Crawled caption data

= Beginning of Section =

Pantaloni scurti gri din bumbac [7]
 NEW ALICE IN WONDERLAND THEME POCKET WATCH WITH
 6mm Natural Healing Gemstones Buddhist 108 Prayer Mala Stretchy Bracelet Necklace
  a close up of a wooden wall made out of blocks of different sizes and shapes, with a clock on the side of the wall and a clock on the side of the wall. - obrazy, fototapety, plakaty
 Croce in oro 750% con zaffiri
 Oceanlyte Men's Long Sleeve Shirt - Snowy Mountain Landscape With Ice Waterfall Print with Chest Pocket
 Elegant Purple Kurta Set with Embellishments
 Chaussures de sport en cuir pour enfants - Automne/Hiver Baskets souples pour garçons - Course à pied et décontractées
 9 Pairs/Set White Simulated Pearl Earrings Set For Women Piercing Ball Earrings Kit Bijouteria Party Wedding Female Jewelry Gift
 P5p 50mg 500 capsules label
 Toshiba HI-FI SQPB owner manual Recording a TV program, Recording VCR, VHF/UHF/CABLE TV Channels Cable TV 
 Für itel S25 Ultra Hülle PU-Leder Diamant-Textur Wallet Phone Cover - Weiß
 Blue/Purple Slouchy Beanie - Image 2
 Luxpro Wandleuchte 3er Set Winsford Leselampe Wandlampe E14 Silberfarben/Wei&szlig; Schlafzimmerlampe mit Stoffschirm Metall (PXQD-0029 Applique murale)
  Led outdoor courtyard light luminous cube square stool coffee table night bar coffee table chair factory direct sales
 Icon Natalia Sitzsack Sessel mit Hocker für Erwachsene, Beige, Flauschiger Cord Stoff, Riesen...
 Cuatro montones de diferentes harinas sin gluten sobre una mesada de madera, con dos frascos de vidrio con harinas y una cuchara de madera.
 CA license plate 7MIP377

= End of Section =

Bring together each line above where the string "Purple" turns up.

 Elegant Purple Kurta Set with Embellishments
 Blue/Purple Slouchy Beanie - Image 2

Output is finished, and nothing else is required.